So it turned out that a lot of Ivy League students were pretentious assholes, who would have guessed that those stereotypes came from somewhere. His own social ineptness was a given at this point and being known as the spastic kid who couldn’t stop fidgeting didn’t help make him many friends. So what if he often answered that he was majoring in Liberal Arts when the question was posed to him, it was a hell of a lot easier than trying to explain that he was triple majoring in Folklore, History, and Criminology – and no he wasn’t sure what he was going to do with that yet, thanks.
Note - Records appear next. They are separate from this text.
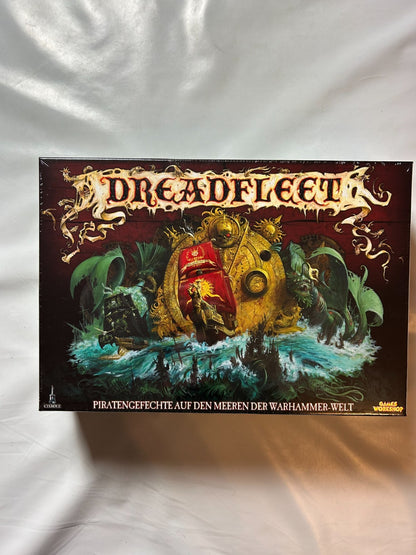 Detailfoto 2 – SKU A11992 – Gesellschaftsspiel neu bei Brettspielimperium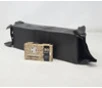 MKE 5 56x45mm NATO Ammunition AM8303BP 62 Grain SS109 Steel Core Full Metal Jacket Battle Pack 450 Rounds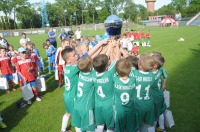 KIA Euro Cup Opole 2016 - 7330_foto_24opole0376.jpg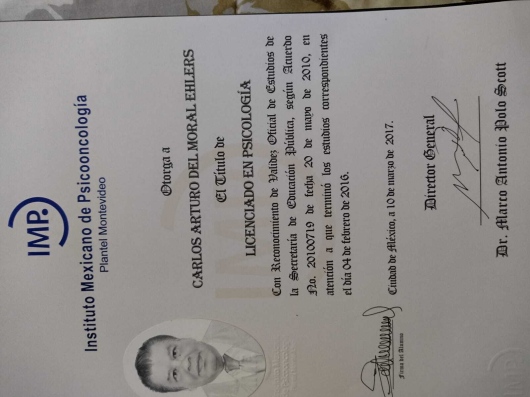 Carlos Arturo Del Moral Ehlers-18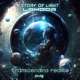 Transcending Reality Single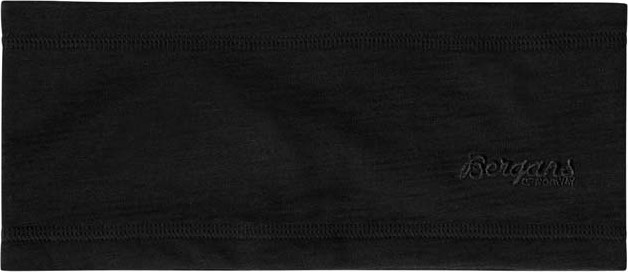 Bergans Wool Headband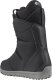 Nidecker Buty Altai Double BOA Black 2023 (N.23.BTM.ALT.BK) 2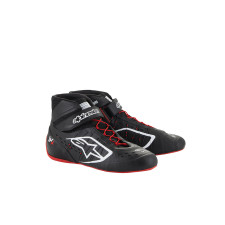 Bottines karting Alpinestars Tech-1 KX V3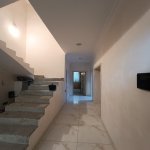 Satılır 6 otaqlı Həyət evi/villa, Binə qəs., Xəzər rayonu 10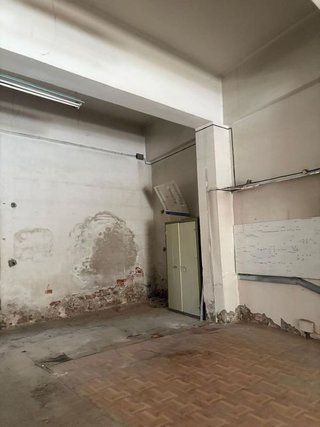 Local comercial en alquiler en Instituts - Universitat en Lleida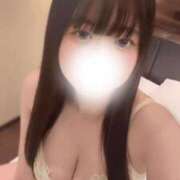 もえ★Gカップアイドル級美少女 特別に♡ Chloe五反田本店　S級素人清楚系デリヘル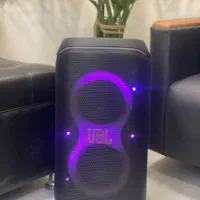 JBL.harman/kardon اسپیکر اصلی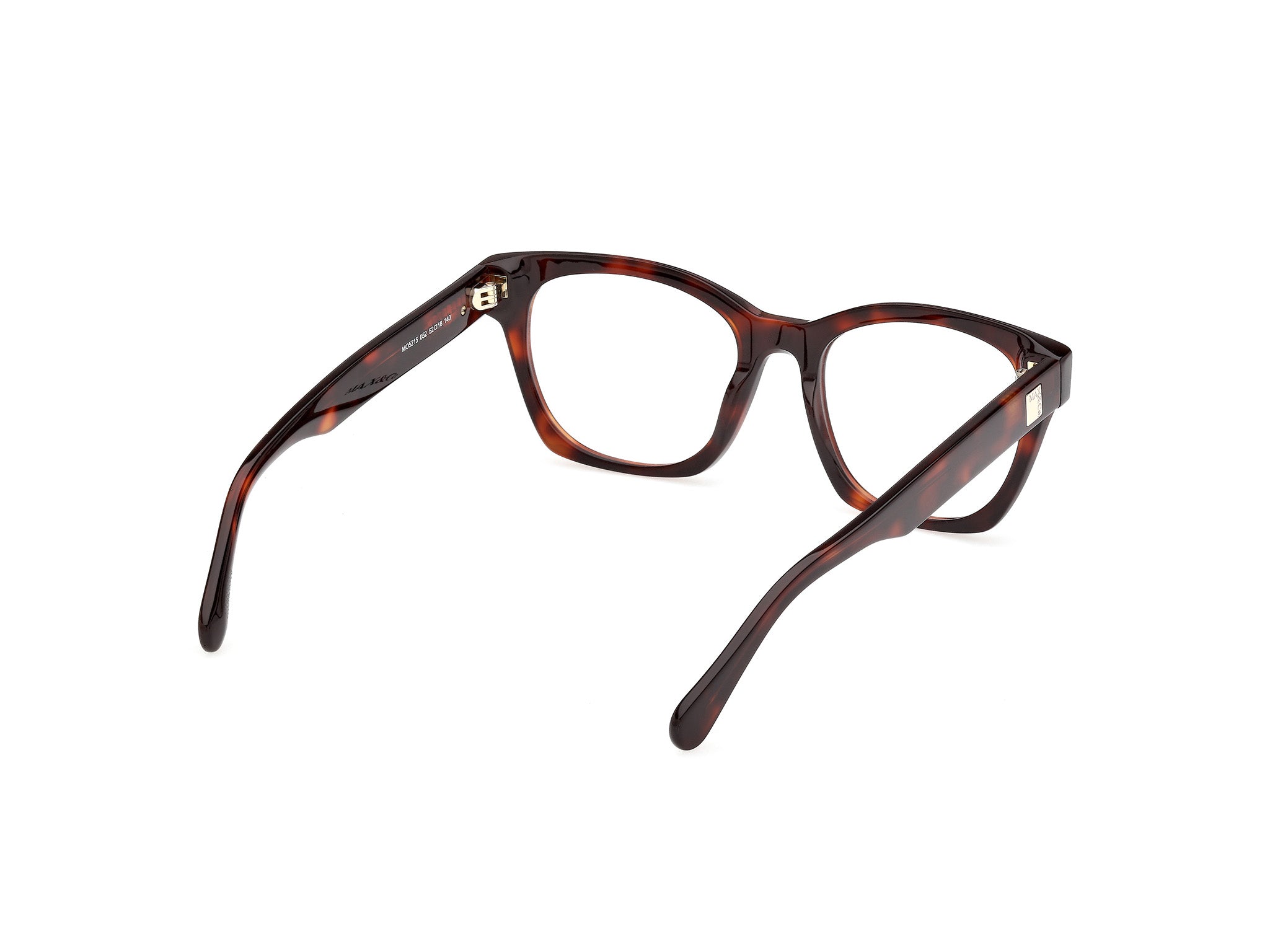 MAX &amp;CO MO5215 052 52
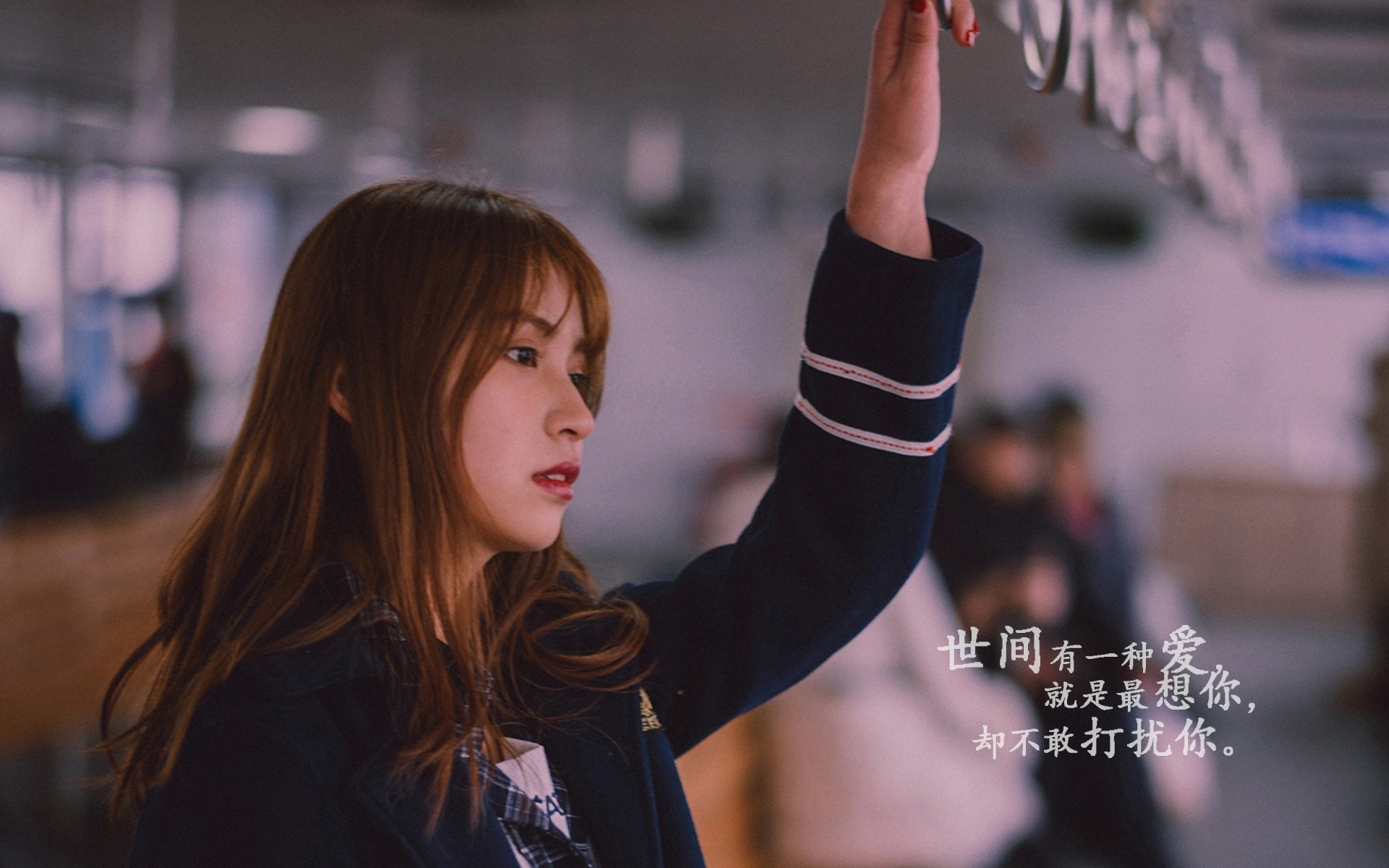 体育在线-精密如仪，欧冠半决赛之夜，欧文的黄金比例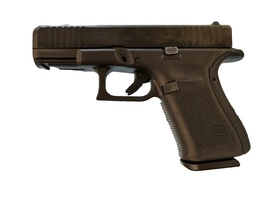 Glock 19 GEN 5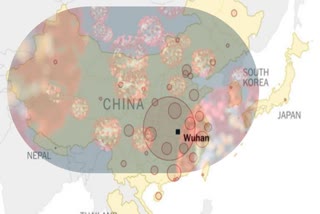 CHINA-RUSSIA-BORDER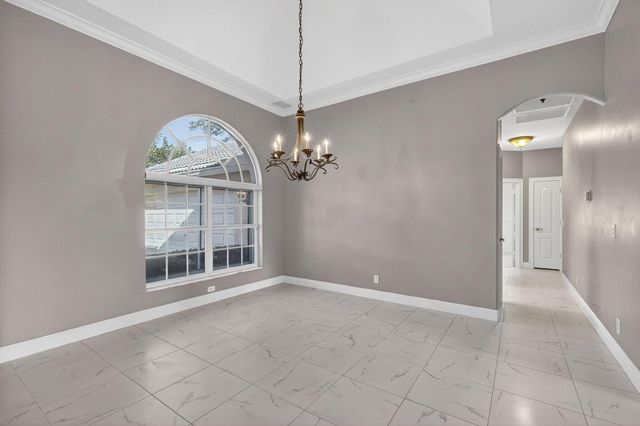 7405 Brunswick Circle, Boynton Beach, FL 33472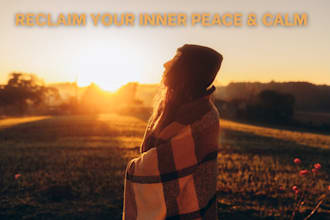 provide heartbreak rescue with spiritual cord closure support
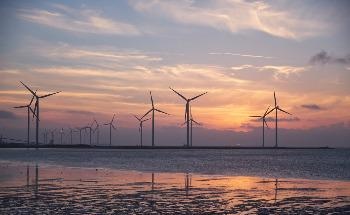 Ingeteam strengthens Its technology Platforms to Rise to the Wind Market Future Challenges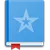 Starrea ePub Reader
And sure, Stiles had figured the dumb girl routine Lydia did in high school was an act a long time ago but he really hadn’t understood just how much of that was a defense mechanism until Registration Week and the afternoon they did not speak of. Even so, it sucked royally when surfer dude was picked over both Lydia and himself for the group projects. 

While the majority of students seemed comfortable eyeing Lydia with a great deal of unresolved lust and fear no one offered to be her partner and not for the first time did Stiles think about the real reason Lydia insisted they be in as many of the same classes as possible. 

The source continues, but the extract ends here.